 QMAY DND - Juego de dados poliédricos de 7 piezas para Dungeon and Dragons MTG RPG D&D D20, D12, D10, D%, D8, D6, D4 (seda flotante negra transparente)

----------

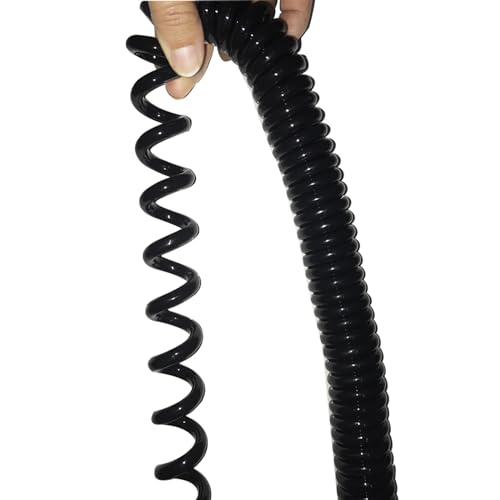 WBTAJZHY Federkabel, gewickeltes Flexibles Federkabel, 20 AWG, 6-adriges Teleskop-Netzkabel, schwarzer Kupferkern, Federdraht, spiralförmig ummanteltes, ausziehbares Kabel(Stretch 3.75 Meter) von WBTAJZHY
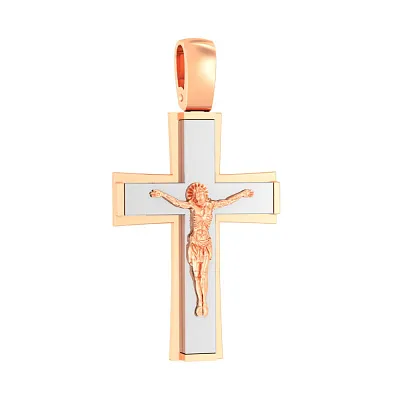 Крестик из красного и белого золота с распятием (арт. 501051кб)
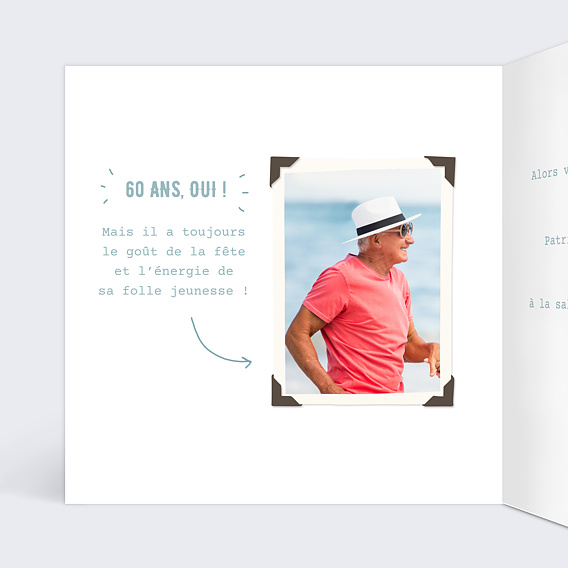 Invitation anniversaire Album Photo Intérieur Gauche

----------

● Problem to work on:
All lines above from the one containing "WBTAJZHY Federkabel, gewickeltes" up to and including the one containing "Invitation anniversaire Album" are to be set down exactly, and nothing else. Leave images out.

● Output of the task:
 WBTAJZHY Federkabel, gewickeltes Flexibles Federkabel, 20 AWG, 6-adriges Teleskop-Netzkabel, schwarzer Kupferkern, Federdraht, spiralförmig ummanteltes, ausziehbares Kabel(Stretch 3.75 Meter) von WBTAJZHY
 Крестик из красного и белого золота с распятием (арт. 501051кб)
 Invitation anniversaire Album Photo Intérieur Gauche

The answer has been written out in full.